The visa process causes the most anxiety among travelers. This is especially aggravated in countries such as India, with weak passports and relatively high rejection rates, even for clerical errors and incomplete evidence gathering. Even the information on embassy and consulate websites is often not updated or described in technical terms which tends to leave people confused.
This confusion is the main reason why travelers rely on a network of agents for executing the visa process. These agents themselves struggle to manage, with the longer tail of agents not offering this as a service altogether. The more established agents struggle with trying to provision ample manpower to collect information and coordinate with 5-10 travelers per agent per day. Agents are, therefore, able to charge a 5-20% commission on top of the embassy’s application fee. Even as countries make attempts to introduce e-visas, adoption of the DIY approach has been scant, limited to a few international travel-savvy individuals.
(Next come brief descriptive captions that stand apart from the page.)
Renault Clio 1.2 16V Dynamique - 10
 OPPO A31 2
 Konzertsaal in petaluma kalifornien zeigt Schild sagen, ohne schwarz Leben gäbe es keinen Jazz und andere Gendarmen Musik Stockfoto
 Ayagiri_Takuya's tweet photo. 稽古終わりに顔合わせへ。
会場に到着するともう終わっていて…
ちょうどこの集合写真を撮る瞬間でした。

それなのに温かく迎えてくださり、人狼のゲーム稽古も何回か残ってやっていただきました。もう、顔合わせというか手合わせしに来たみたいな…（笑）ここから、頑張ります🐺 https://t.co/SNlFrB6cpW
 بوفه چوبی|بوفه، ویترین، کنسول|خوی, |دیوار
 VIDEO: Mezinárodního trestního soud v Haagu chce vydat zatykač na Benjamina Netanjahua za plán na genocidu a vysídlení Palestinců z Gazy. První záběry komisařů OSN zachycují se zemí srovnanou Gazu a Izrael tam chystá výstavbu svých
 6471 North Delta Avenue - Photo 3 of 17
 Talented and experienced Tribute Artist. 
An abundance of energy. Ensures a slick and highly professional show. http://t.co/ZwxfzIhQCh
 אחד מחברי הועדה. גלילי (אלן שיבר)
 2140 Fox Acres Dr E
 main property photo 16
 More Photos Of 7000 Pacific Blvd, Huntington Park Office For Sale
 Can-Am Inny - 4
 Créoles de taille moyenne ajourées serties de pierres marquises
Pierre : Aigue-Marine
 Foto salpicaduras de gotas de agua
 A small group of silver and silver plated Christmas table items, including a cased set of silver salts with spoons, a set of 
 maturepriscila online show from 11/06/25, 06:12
We estimate that 90%+ of the industry is still controlled by agents, including OTAs themselves, who work with agents at the backend. The pervasiveness of the problem was apparent with around 16 million travelers in India alone traveling for short trips (business trips, holidays, visits) in 2022. This number is expected to be closer to 25 million by 2027. On average, we spend about $150-200 on visas for short-term travel, sizing the market at close to $2.5 billion in India alone.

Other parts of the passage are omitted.